» EXERCISE: Where the line containing "Manos que tejen, bordan" appears in the records below, begin there and repeat each line exactly through the final one, dropping all pictures.
DATA IN THIS EXERCISE section start
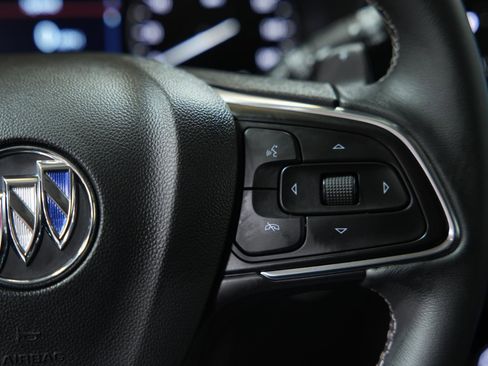 Used 2023 Buick Envision Preferred image 31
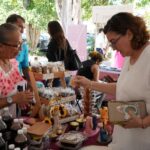 Manos que tejen, bordan y emprenden se reúnen en feria artesanal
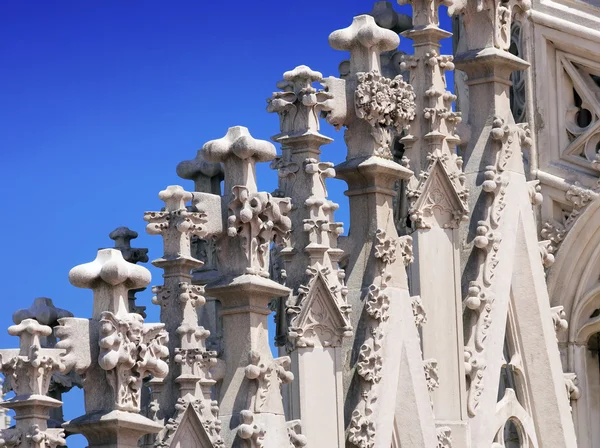 Decorações com motivo no terraço da catedral em Milão — Fotografia de Stock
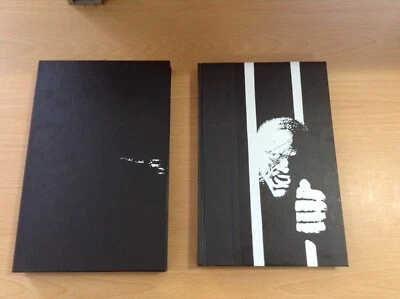 Sin City: That Yellow Bastard Slipcase HC-FRANK MILLER FIRMADO Y NUMERADO 338/500 Foto 1 de 4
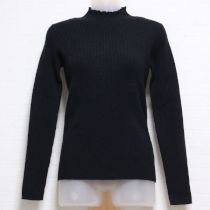 黒リブハイネックセーター
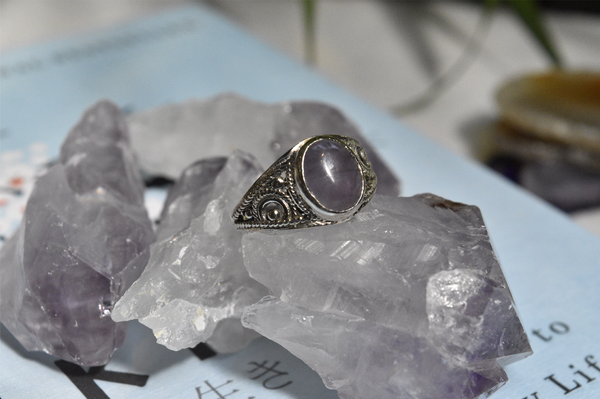 Amethyst Calissia Ring - Oval - Jewels & Gems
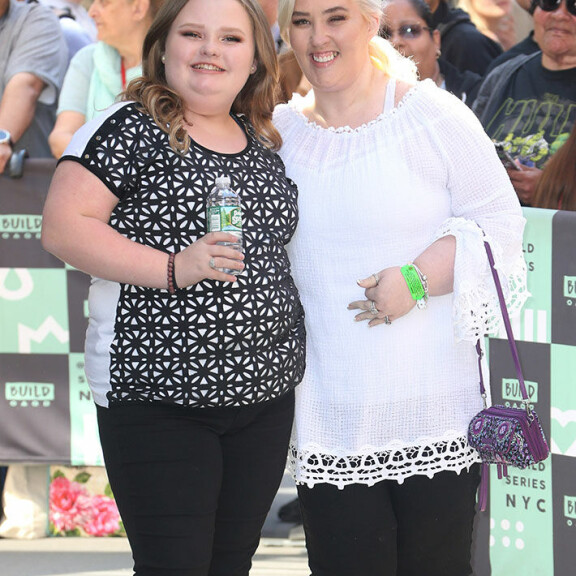 Tältä Mama June näytti vuonna 2018, Vierellä poseeraa tytär Honey Boo Boo. Tältä Mama June näytti vuonna 2018, Vierellä poseeraa tytär Honey Boo Boo.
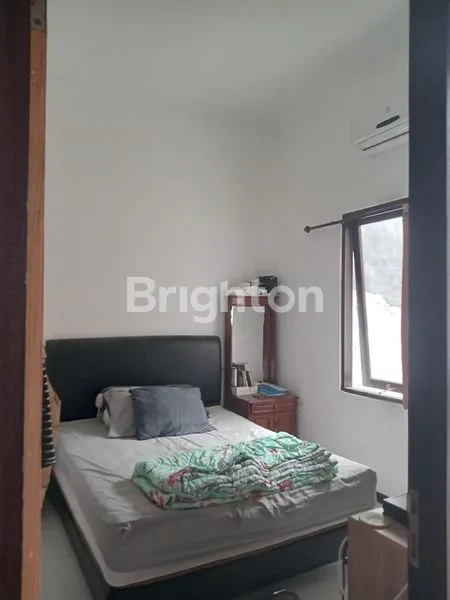 image RUMAH TENGAH KOTA SIDOARJO BUTUH CEPAT LAKU (2)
DATA IN THIS EXERCISE section end
» SOLVED EXERCISE:
 Manos que tejen, bordan y emprenden se reúnen en feria artesanal
 Decorações com motivo no terraço da catedral em Milão — Fotografia de Stock
 Sin City: That Yellow Bastard Slipcase HC-FRANK MILLER FIRMADO Y NUMERADO 338/500 Foto 1 de 4
 黒リブハイネックセーター
 Amethyst Calissia Ring - Oval - Jewels & Gems
 Tältä Mama June näytti vuonna 2018, Vierellä poseeraa tytär Honey Boo Boo. Tältä Mama June näytti vuonna 2018, Vierellä poseeraa tytär Honey Boo Boo.
 image RUMAH TENGAH KOTA SIDOARJO BUTUH CEPAT LAKU (2)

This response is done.